*** Block opens ***
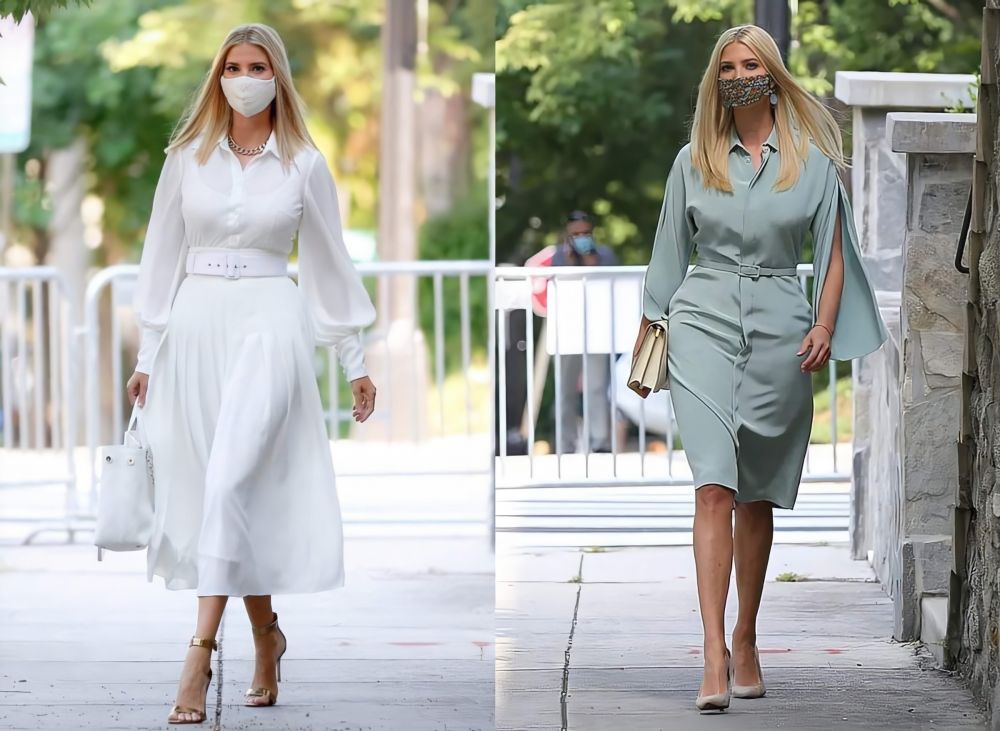 soi phong cach thoi trang cua ai nu tong thong my donald trump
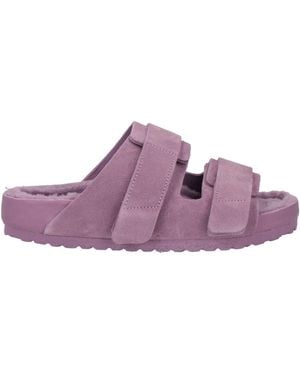 Birkenstock x Tekla Sandals - Purple
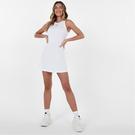 White - Slazenger - Tennis Dress Womens - 4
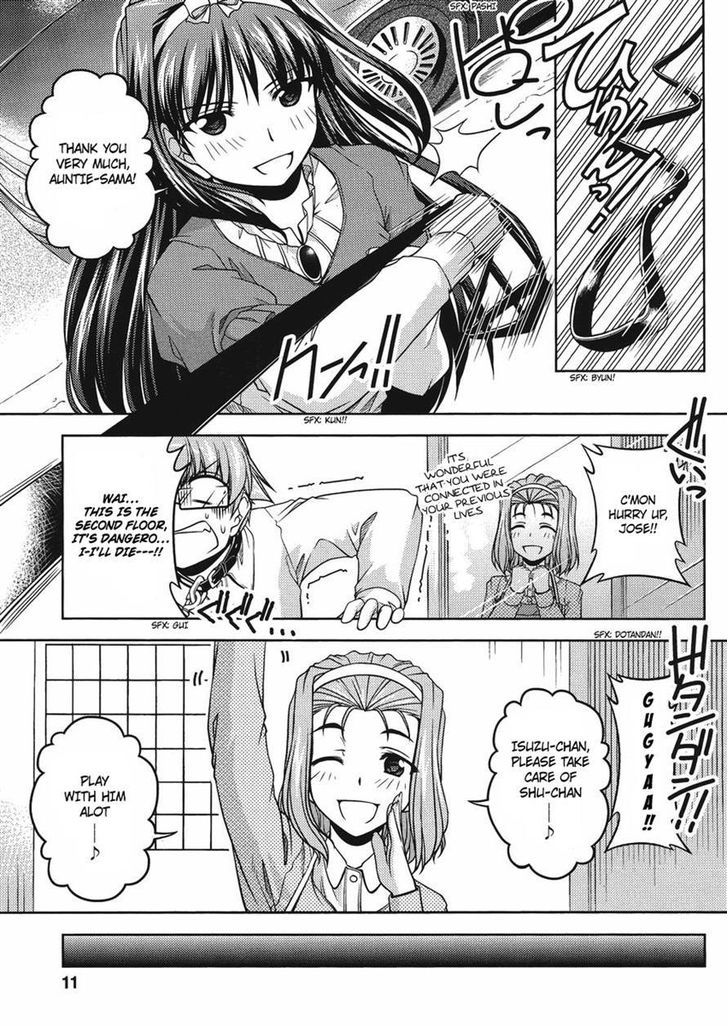 Sokoni Osuwari! Chapter 2 #8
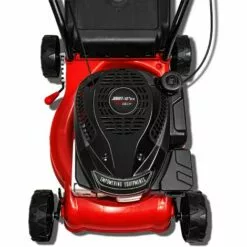 Boudech Tondeuse Poussée Avec Moteur à Essence 127cc 2KW OHV 4 Temps Largeur De Coupe 400mm 8 Boudech Tondeuse Poussée Avec Moteur à Essence 127cc 2KW OHV 4 Temps Largeur De Coupe 400mm -Tondeuse Boutique 30570635 2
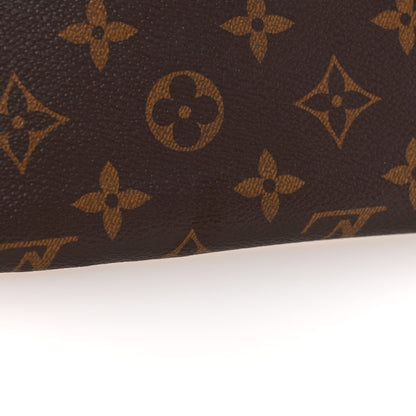 Louis Vuitton Monogram Zippy Wallet Fuchsia 8 of 9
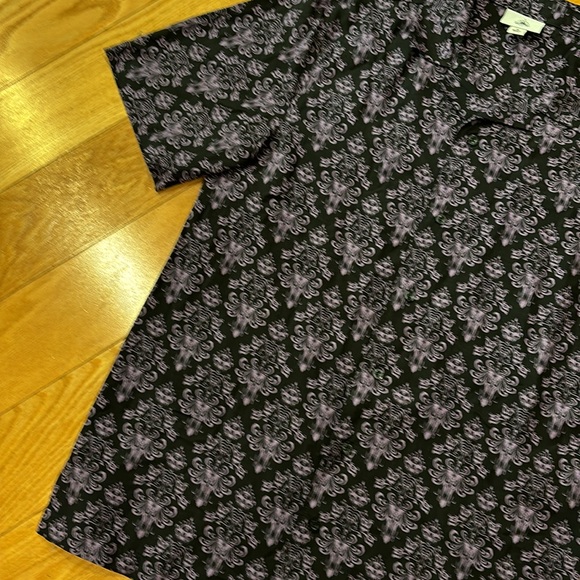 Disney HAUNTED MANSION button front shirt - Picture 3 of 7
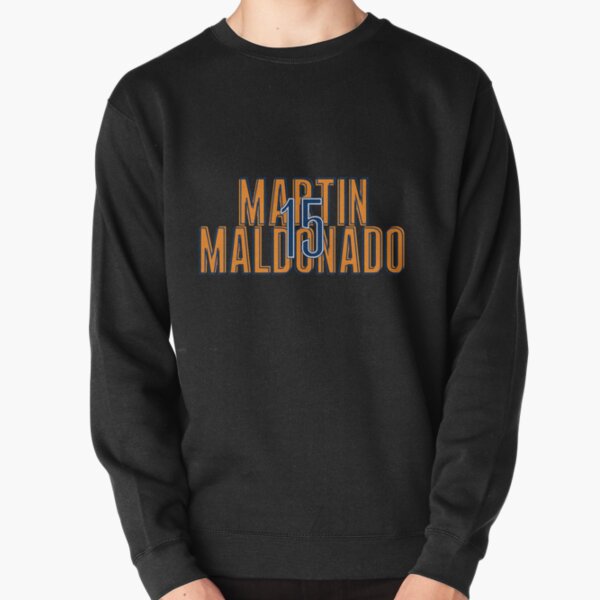  Martin Maldonado Long Sleeve Shirt - Martin Maldonado Houston  Font : Sports & Outdoors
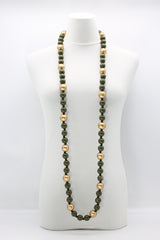 Round Beads Necklace - Duo - Jianhui London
*** Block closes ***
• [What the exercise asks]:
Pictures are not part of the copy; reproduce everything else in the records exactly.

• [Answer to the problem]:
 soi phong cach thoi trang cua ai nu tong thong my donald trump
 Birkenstock x Tekla Sandals - Purple
 White - Slazenger - Tennis Dress Womens - 4
 Sokoni Osuwari! Chapter 2 #8
 Boudech Tondeuse Poussée Avec Moteur à Essence 127cc 2KW OHV 4 Temps Largeur De Coupe 400mm 8 Boudech Tondeuse Poussée Avec Moteur à Essence 127cc 2KW OHV 4 Temps Largeur De Coupe 400mm -Tondeuse Boutique 30570635 2
 Louis Vuitton Monogram Zippy Wallet Fuchsia 8 of 9
 Disney HAUNTED MANSION button front shirt - Picture 3 of 7
  Martin Maldonado Long Sleeve Shirt - Martin Maldonado Houston  Font : Sports & Outdoors
 Round Beads Necklace - Duo - Jianhui London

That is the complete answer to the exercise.